It may be hard to believe but back in the eighth century, Steyning was a thriving port on the River Adur. But the town was left high and dry when the river silted up in the 14th century.

Steyning has its own patron saint, St Cuthman, who built a church there in the mid-eighth century. Cuthman is also the patron saint of shepherds.

The church, now dedicated to St Andrew, was the second-to-last resting place of King Ethelwulf of Wessex, father of Alfred the Great, until his remains were removed to Winchester.

Before the Norman conquest, Steyning was given as a gift to the French monastery at Fecamp, then it was taken back into Saxon hands and after 1066 it was French property again.

At one time the town was a Rotten Borough, returning two MPs to parliament, even though it had few inhabitants. The town’s famous grammar school was founded in 1614 by the Bishop of Chichester.
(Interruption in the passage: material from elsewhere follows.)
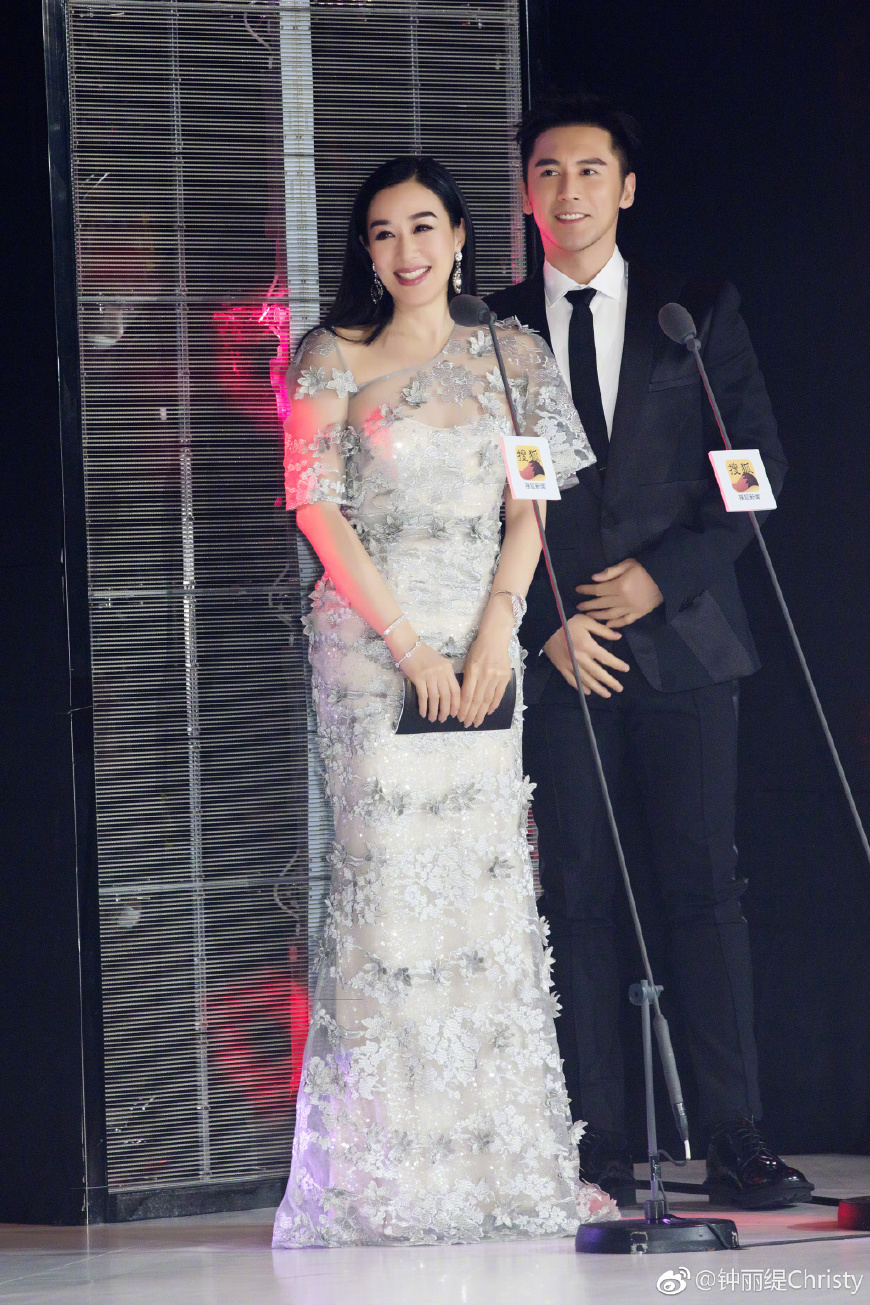 48岁钟丽缇厉害了！一袭抹胸长裙秀傲人事业线，网友：像28岁姐姐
The biennial Steyning Festival was founded in 2006 by resident Ann Poupards and runs for two weeks at the end of May to the start of June. It features theatre, music, literature, talks, walks, community events and more.

Nearby Henfield is another small historic country town, which like Steyning has a good variety of shops, pubs and restaurants.

Both towns have new housing developments on their fringes making them extremely popular with young families and people looking for a quieter lifestyle than in the coastal towns and cities.

It was once an important stop on the railway between Shoreham and Horsham and its railway past is evident in street names such as Station Road.

Even though it is a small town it offers a good variety of shops, pubs and restaurants, a library and a village hall containing an excellent local museum run by Henfield Parish Council.

Henfield predates the Domesday Book and was mentioned in The Charter of Osmund, a manuscript dated 770 in which King Osmund of the West Saxons granted land at Henfield to build a church.

Among the many historic buildings is Parsonage House, once the home of the man who set up the postal service.

Henry Bishop, who owned the property during the 17th century, bought the title of Postmaster General of Great Britain and Ireland in 1660 and was the first to introduce a type of postmark to date the letters when they left London.

Nathaneil Woodard, founder of Lancing College, Ardingly College and Hurstpierpoint College among other famous public schools, lived in Martyn Lodge in Church Street until his death in 1891.

One of the more curious Henfield characters was Elizabeth Robins, a wealthy heiress who became an actress.

After giving up the stage she travelled to America to rescue her brother, who had been caught up in the Gold Rush of the 1890s.

When she returned she wrote a book about her travels.

In 1927 she opened her house as a rest home for overworked professional women and many famous people, including writer and actress Dame Sybil Thorndyke, stayed there.

The impresario Prince Littler, one of the wealthiest men in the country, lived at Chestham Park and cartoonist Rowland Emett lived in London Road.

Woodsmill at Small Dole just outside Henfield has been the home of the Sussex Wildlife Trust for more than 30 years. The centre has displays on natural history, geology and man’s use of the countryside.